Any suitably qualified adult can be designated as being the leader in charge for a meeting, event or activity, but they would normally be someone holding a leader, manager or supporter appointment. The Group Scout Leader must support the arrangement and ensure that the designated leader in charge has satisfactorily completed the enquiry process.

It is extremely important that anyone who has been designated as the leader in charge fully understands their responsibilities. There should be no assumption that other adults are in charge. The leader in charge is responsible for overseeing the activity and all adults and young people. This includes responsibility for registers, headcounts, allocation of roles to specific adults and checking they are aware of their specific responsibilities. The best way of doing this is for all adults involved in the activity to agree which one of them will undertake this function.

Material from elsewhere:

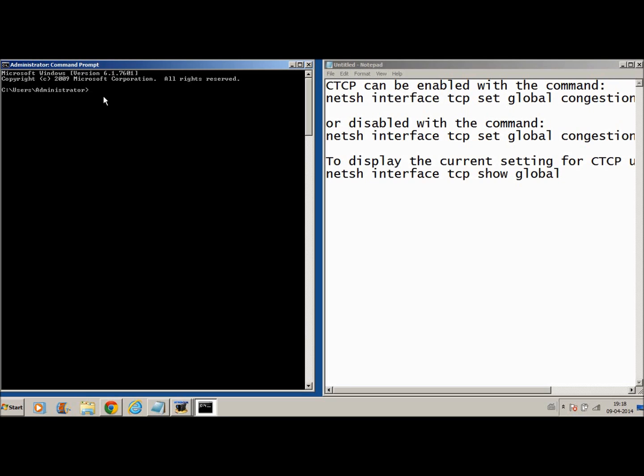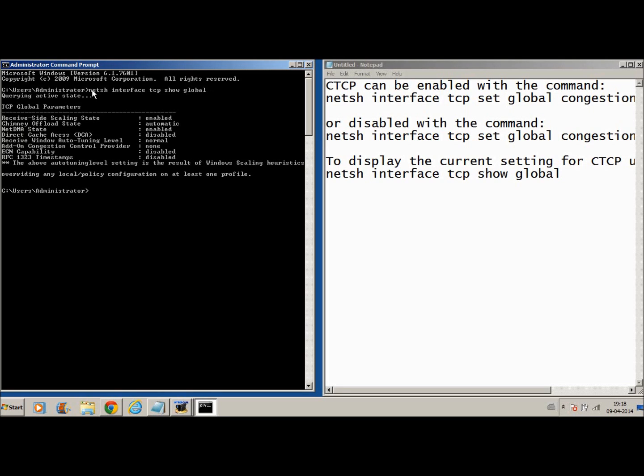I just want to check if I am actually running CTCP, so I have to type the command. Once I type the command, you get a window coming down in the command prompt section showing you if the CTCP is on. You've got something which says none. That is add on congestion control provider. A congestion control provider is what we're going to do.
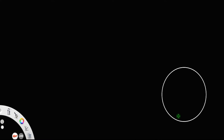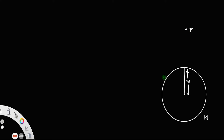Consider the earth to be a uniform sphere of radius r and mass m. Let there be a point P outside the surface of the earth, and let the distance from the centre of the earth to point P be called x.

Checks could include a discussion about risk assessments, selecting who will give guidance and instructions to young people and when and where head counts will be conducted. The leader in charge should also actively participate by keeping an overview of any activity.

More information

Read the June/July Scouting magazine article by Wayne Bulpitt, UK Chief Commissioner, which focuses on the issue of leader in charge.

With the August/September edition of Scouting magazine members will find an updated Purple Card (emergency procedures), Yellow Card ('young people first' code of good practice for adults) and new safety checklists. Regular examples of best practice will continue to be communicated, along with the updating of resources and other timely communication (for example, a ScoutingPlus dedicated to safety in September to coincide with the new term).

Remember, there are people that can help you locally, like your Group Scout Leader and Assistant District Commissioners.